Stored data:
────────────────────

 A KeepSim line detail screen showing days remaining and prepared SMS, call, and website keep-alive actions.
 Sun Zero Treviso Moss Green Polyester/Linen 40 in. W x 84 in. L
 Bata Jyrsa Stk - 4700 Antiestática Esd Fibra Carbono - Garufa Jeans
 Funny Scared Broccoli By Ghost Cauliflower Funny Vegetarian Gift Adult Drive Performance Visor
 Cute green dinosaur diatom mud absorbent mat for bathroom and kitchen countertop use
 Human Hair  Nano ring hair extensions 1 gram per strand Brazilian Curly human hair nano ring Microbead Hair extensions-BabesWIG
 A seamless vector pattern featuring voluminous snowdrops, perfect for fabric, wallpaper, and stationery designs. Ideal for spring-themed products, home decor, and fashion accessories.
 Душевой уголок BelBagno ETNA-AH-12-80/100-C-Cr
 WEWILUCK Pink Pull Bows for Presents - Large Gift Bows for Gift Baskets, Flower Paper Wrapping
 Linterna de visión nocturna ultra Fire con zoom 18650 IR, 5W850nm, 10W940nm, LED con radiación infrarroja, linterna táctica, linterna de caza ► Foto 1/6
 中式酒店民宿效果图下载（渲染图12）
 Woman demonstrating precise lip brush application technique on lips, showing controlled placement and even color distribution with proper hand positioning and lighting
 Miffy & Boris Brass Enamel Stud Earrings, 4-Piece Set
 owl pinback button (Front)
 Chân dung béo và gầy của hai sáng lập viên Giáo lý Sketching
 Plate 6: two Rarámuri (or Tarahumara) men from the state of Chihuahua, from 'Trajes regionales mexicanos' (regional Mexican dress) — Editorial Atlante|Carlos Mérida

────────────────────

REQUIREMENT: Reproduce every entry above exactly as it was written.

TASK RESPONSE:
 A KeepSim line detail screen showing days remaining and prepared SMS, call, and website keep-alive actions.
 Sun Zero Treviso Moss Green Polyester/Linen 40 in. W x 84 in. L
 Bata Jyrsa Stk - 4700 Antiestática Esd Fibra Carbono - Garufa Jeans
 Funny Scared Broccoli By Ghost Cauliflower Funny Vegetarian Gift Adult Drive Performance Visor
 Cute green dinosaur diatom mud absorbent mat for bathroom and kitchen countertop use
 Human Hair  Nano ring hair extensions 1 gram per strand Brazilian Curly human hair nano ring Microbead Hair extensions-BabesWIG
 A seamless vector pattern featuring voluminous snowdrops, perfect for fabric, wallpaper, and stationery designs. Ideal for spring-themed products, home decor, and fashion accessories.
 Душевой уголок BelBagno ETNA-AH-12-80/100-C-Cr
 WEWILUCK Pink Pull Bows for Presents - Large Gift Bows for Gift Baskets, Flower Paper Wrapping
 Linterna de visión nocturna ultra Fire con zoom 18650 IR, 5W850nm, 10W940nm, LED con radiación infrarroja, linterna táctica, linterna de caza ► Foto 1/6
 中式酒店民宿效果图下载（渲染图12）
 Woman demonstrating precise lip brush application technique on lips, showing controlled placement and even color distribution with proper hand positioning and lighting
 Miffy & Boris Brass Enamel Stud Earrings, 4-Piece Set
 owl pinback button (Front)
 Chân dung béo và gầy của hai sáng lập viên Giáo lý Sketching
 Plate 6: two Rarámuri (or Tarahumara) men from the state of Chihuahua, from 'Trajes regionales mexicanos' (regional Mexican dress) — Editorial Atlante|Carlos Mérida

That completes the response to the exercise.